Resnik started out as a soprano, and even filled in for Zinka Milanov as Leonora in the Met's 1944 production of Il trovatore. By 1956, however, she was a mezzo, and she quickly took on most of the roles represented on this CD. (Sadly, she never sang Dalila on stage; I suspect she could have strangled most eligible Samsons with her bare hands.) In 1971, she took up stage directing, and she also tried her hand at Broadway. Resnik is still with us, although George Hall's discreet booklet notes neglect to divulge her age. I suppose a lady is entitled to her secrets.

Large excerpts from her complete Decca recordings of Carmen (with conductor Thomas Schippers, and Mario del Monaco as Don José) and Elektra (with Sir Georg Solti and Birgit Nilsson) are included here. The scenes from Un ballo in maschera ("Re dell'abisso, affrettati"), Die Fledermaus ("Chacun a son gout"), The Merry Widow (improbably, the grisettes' song from Act Three), and Tristan ("Hörst du sie noch?") also come from Decca completes. Several selections from Tchaikovsky's Pique Dame are taken from Deutsche Grammophon's complete recording with Mstislav Rostropovich (recently reissued on their "Originals" series, I believe). Everything else, apart from two songs from the Broadway musical Kismet, comes from an excellent recital disc that Resnik did with conductor Edward Downes in 1961. In all, these selections cover 17 years of her career as a recording artist, from 1960 to 1977. As late as 1977, her singing remained solid, her voice unshaken. The booklet note alludes to Resnik's CBS/Sony recording of Menotti's The Medium. That, of course, is unrepresented here. Sony's continued failure to reissue that recording in toto is a real scandal, as Resnik's portrayal of the tortured Baba is a tour de force that never has been surpassed.

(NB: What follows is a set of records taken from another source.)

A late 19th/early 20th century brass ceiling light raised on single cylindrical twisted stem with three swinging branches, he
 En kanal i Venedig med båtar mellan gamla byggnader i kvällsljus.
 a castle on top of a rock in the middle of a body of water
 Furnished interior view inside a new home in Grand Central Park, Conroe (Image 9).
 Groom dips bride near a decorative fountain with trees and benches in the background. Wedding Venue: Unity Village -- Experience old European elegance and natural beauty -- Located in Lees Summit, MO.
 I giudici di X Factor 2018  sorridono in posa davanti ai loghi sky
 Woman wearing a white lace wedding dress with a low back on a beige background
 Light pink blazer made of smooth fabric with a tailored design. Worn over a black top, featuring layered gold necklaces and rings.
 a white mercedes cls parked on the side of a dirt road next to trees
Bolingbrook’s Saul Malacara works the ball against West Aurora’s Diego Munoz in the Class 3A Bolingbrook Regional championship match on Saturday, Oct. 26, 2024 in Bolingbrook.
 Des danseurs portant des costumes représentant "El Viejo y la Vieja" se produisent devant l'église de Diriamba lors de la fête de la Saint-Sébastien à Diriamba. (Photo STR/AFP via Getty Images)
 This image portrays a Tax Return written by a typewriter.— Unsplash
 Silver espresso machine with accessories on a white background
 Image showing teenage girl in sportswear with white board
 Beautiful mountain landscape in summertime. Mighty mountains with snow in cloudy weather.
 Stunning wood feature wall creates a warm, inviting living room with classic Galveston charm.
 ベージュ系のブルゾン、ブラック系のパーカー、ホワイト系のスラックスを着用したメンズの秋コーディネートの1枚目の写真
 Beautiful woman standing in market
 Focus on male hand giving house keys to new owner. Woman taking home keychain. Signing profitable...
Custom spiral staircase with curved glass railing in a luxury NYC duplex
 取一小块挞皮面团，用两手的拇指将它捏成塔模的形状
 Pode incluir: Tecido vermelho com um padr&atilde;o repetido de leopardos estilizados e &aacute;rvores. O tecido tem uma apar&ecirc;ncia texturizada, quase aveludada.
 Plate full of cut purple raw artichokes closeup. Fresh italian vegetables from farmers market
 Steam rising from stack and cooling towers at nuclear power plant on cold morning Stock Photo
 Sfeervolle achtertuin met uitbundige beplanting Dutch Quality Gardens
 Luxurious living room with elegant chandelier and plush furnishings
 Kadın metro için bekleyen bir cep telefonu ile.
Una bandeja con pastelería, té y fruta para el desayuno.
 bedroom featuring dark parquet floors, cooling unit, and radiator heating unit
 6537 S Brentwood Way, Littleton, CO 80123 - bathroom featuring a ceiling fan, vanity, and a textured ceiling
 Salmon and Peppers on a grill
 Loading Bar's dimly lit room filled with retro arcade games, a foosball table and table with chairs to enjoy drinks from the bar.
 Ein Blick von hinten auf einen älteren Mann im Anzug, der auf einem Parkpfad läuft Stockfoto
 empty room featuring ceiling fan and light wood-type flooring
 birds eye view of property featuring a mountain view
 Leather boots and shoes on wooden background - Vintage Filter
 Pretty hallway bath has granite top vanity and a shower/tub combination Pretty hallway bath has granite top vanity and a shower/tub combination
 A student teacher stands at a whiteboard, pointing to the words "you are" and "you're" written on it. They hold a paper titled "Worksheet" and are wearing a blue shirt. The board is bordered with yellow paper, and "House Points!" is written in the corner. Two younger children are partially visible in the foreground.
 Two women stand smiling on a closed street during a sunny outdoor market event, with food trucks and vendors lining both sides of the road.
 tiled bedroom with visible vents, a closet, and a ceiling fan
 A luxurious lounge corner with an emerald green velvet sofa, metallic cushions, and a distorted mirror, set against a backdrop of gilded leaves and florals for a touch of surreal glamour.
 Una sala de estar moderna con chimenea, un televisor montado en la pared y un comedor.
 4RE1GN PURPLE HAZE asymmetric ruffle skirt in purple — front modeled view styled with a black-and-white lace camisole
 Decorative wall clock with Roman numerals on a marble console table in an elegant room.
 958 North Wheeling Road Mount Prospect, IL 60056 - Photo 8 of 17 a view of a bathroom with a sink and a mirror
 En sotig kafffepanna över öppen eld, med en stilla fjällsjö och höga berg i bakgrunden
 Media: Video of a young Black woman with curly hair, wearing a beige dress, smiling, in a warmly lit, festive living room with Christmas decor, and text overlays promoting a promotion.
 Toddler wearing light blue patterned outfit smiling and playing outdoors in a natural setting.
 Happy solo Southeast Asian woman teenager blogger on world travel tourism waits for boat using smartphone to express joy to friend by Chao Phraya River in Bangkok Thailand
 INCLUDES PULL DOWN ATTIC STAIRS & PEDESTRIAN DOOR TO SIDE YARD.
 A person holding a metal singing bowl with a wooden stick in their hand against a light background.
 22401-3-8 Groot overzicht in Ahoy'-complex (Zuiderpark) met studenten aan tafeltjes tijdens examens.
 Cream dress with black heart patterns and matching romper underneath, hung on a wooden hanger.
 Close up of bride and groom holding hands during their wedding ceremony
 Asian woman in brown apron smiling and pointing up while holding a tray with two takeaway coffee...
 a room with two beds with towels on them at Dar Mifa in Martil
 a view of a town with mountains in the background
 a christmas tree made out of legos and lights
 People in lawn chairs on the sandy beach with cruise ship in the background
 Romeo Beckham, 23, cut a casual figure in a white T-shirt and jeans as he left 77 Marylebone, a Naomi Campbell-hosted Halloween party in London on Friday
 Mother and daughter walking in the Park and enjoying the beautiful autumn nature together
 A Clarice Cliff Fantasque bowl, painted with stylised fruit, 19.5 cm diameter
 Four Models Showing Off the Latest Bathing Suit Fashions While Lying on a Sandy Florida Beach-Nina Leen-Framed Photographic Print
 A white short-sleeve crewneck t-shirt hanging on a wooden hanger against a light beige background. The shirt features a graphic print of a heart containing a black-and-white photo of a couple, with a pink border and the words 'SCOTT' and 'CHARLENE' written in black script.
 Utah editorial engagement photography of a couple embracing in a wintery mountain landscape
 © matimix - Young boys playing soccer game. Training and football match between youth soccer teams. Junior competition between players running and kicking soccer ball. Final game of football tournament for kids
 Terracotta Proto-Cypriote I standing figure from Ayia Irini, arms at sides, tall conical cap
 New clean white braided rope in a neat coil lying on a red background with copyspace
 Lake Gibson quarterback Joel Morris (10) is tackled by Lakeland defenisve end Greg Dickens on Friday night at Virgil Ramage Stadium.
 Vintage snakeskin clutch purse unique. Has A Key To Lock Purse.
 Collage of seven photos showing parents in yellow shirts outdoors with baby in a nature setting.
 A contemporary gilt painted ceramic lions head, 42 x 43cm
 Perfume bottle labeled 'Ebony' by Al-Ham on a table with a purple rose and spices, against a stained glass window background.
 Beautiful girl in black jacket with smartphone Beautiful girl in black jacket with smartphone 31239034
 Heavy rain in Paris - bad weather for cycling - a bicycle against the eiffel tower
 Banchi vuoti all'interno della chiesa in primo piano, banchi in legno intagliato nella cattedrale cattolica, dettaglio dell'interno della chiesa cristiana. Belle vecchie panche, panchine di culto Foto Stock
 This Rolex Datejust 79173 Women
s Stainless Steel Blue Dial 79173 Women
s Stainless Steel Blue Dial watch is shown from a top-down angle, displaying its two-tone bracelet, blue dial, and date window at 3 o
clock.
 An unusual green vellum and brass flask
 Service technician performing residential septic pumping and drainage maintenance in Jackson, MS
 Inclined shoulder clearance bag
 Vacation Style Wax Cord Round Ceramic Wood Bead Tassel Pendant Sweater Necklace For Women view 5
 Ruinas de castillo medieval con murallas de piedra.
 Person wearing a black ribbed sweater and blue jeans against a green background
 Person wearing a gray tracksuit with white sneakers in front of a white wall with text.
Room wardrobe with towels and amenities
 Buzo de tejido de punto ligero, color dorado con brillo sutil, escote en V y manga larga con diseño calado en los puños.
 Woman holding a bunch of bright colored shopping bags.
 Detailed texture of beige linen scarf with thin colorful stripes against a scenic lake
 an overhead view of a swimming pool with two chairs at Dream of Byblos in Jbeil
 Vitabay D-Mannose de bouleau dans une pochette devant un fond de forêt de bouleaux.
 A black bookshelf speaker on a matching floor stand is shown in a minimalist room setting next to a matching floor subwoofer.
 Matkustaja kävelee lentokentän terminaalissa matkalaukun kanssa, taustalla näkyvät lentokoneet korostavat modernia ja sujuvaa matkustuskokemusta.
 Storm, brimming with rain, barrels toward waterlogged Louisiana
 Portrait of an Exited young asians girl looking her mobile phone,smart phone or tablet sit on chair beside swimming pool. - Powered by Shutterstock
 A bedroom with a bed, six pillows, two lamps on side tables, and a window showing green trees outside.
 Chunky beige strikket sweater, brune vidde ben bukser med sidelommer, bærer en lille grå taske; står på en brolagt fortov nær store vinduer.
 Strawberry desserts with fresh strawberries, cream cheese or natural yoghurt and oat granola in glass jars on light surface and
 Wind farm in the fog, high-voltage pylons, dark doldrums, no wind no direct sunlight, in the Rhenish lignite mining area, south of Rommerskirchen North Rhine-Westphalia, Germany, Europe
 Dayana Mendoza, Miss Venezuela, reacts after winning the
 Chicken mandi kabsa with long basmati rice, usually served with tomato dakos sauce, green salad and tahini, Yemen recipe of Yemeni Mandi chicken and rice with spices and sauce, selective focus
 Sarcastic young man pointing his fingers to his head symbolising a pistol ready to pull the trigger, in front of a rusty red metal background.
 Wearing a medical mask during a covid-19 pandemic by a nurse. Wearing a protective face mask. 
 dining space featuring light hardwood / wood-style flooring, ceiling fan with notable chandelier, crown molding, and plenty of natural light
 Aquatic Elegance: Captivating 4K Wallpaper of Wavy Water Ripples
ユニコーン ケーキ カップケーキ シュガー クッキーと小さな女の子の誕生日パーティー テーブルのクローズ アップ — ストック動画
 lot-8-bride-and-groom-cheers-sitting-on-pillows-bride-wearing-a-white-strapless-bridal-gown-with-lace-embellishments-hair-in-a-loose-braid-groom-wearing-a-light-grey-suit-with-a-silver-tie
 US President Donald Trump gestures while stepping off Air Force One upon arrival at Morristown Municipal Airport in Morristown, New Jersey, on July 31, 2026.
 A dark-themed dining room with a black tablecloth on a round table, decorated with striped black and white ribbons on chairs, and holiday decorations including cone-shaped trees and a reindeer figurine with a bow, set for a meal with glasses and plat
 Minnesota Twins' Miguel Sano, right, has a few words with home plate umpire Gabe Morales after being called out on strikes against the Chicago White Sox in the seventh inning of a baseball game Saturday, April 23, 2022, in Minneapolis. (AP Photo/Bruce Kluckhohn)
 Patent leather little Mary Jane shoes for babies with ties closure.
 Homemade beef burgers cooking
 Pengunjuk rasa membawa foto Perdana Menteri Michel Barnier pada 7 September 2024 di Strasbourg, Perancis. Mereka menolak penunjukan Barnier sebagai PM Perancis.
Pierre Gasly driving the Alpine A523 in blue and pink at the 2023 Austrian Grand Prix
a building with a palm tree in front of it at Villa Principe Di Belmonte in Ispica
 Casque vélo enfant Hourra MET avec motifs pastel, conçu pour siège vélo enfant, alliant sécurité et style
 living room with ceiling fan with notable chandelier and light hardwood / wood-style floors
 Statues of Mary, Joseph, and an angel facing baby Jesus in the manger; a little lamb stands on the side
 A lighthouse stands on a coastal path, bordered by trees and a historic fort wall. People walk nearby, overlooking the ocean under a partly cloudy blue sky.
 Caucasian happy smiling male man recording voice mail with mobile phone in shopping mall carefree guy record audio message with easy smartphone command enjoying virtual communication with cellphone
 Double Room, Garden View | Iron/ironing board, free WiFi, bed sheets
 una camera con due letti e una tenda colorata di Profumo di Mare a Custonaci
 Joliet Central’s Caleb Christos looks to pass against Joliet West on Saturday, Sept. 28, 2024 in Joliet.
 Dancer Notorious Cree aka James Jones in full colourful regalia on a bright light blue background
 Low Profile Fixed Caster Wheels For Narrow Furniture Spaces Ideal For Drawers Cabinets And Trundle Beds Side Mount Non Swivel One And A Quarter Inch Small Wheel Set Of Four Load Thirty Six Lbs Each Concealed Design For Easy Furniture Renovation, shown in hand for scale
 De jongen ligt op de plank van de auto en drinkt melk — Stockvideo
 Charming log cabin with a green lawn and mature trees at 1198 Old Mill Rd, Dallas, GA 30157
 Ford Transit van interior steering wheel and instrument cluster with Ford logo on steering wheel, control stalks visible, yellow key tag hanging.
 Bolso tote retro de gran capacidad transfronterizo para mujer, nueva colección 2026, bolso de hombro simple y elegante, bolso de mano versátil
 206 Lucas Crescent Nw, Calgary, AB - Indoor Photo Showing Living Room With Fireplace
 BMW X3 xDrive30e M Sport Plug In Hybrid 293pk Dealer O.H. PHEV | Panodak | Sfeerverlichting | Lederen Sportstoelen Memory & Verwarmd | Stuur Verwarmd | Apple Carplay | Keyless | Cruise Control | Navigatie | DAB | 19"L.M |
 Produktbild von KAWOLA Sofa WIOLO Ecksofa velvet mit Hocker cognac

But anyway, the recital disc is a jewel (Resnik's Eboli and Azucena are uniquely thoughtful creatures) and the complete sets deserve their fame – for Resnik's contributions as well as for everyone else's. I will note that, thanks to Decca's "stagecraft," for lack of a better term, both Ulrica and Klytämnestra end up at the bottom of a well at the close of their respective scenes. That's no way to treat a mezzo-soprano like Regina Resnik. I also note, with approval, Resnik's astonishingly defiant Carmen. She literally laughs in Don José's face just seconds before he stabs her to death. I doubt anyone ever told Regina Resnik that she lacked guts.